Libye –La mise en œuvre d’une peine de flagellation publique contre une femme dans la ville de Sebha, dans le sud de la Libye, a déclenché une vaste vague de controverses humaines et juridiques, après la diffusion d’un clip vidéo documentant l’exécution de la peine dans une voie publique, en présence de nombreux passants, un incident que les militants des droits humains ont considéré comme un précédent qui soulève des questions sur le degré de respect des procédures légales lors de l’exécution des peines.
La vidéo qui circule montre une femme à genoux, tandis qu’un membre de la police judiciaire exécutait une peine de flagellation, après avoir lu une décision rendue par le tribunal pénal de South Sabha le 21 juillet 2026, la punissant de 100 coups de fouet dans une affaire liée à l’accusation d’adultère.

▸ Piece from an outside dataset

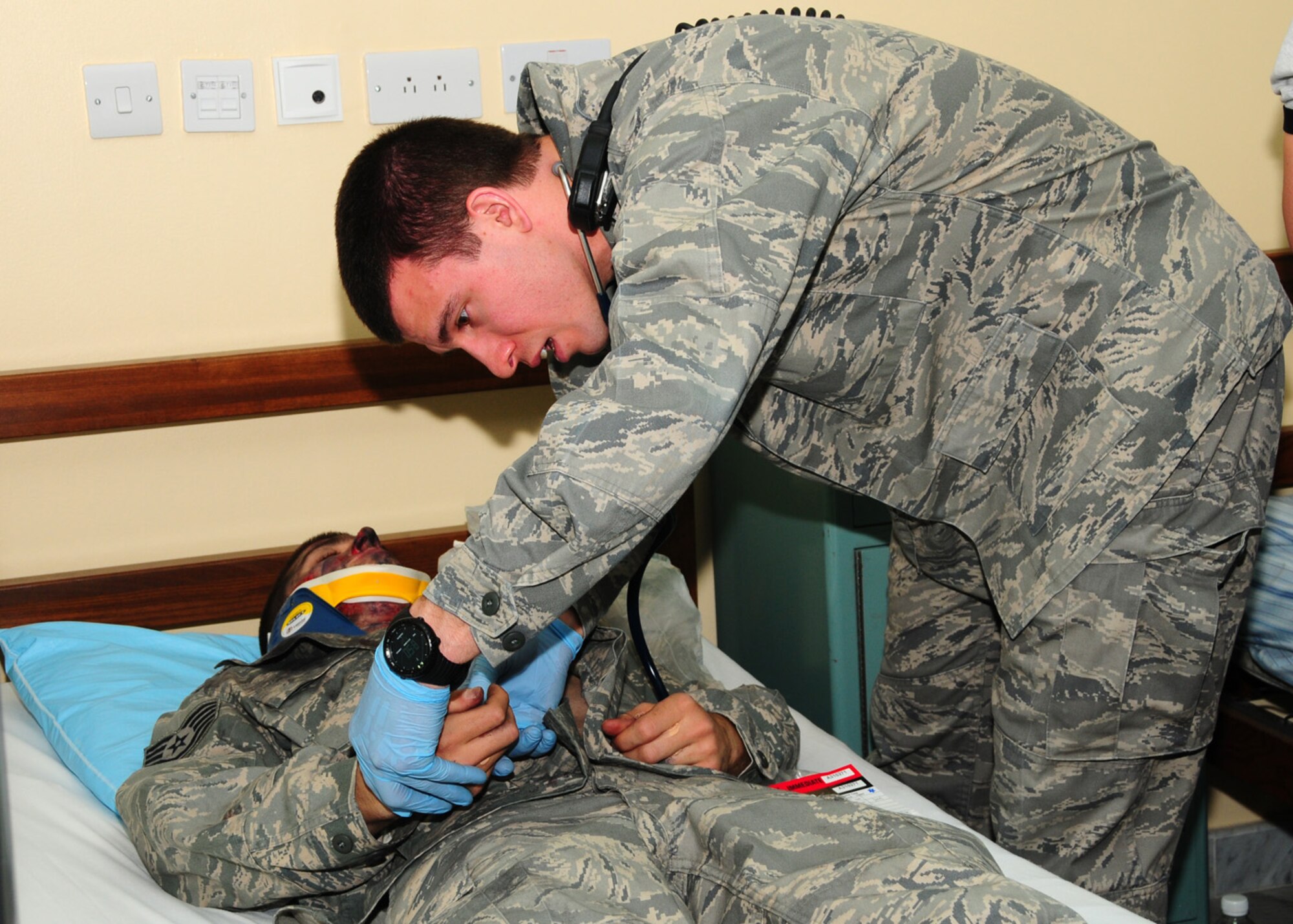 SOUTHWEST ASIA -- Capt. Donald Euler, 386th Expeditionary Medical Group ground critical care team chief, checks the severity of burns a simulated patient received during a dorm fire exercise at an air base in Southwest Asia, June 22. Depending on the location affected and the degree of severity, a burn victim may experience a wide number of potentially fatal complications including shock, infection, electrolyte imbalance and respiratory distress.  Captain Euler is deployed from Wright-Patterson Air Force Base, Ohio, and hails from Chattanooga, Tenn. (U.S. Air Force photo/Senior Airman Courtney Richardson)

#Sabha| La police judiciaire exécute une décision judiciaire contre une femme dans une affaire pénale, dans le cadre d’une procédure qui s’est déroulée publiquement dans la ville de Sabha.pic.twitter.com/rItwXbPZYN
– Crimes de la milice (@NEFWEW7vyIiR9IA)23 juillet 2026
L’exécution de la sentence dans un lieu public a suscité des réactions mitigées, car certains la considéraient comme une application des dispositions de la loi, tandis que d’autres la considéraient comme incompatible avec les procédures légales, se demandant pourquoi ce type de sentence était exécuté publiquement, alors que d’autres sanctions prévues par la loi, comme la punition pour vol, ne sont pas appliquées publiquement, malgré la multiplication des cas de corruption et de détournement de fonds.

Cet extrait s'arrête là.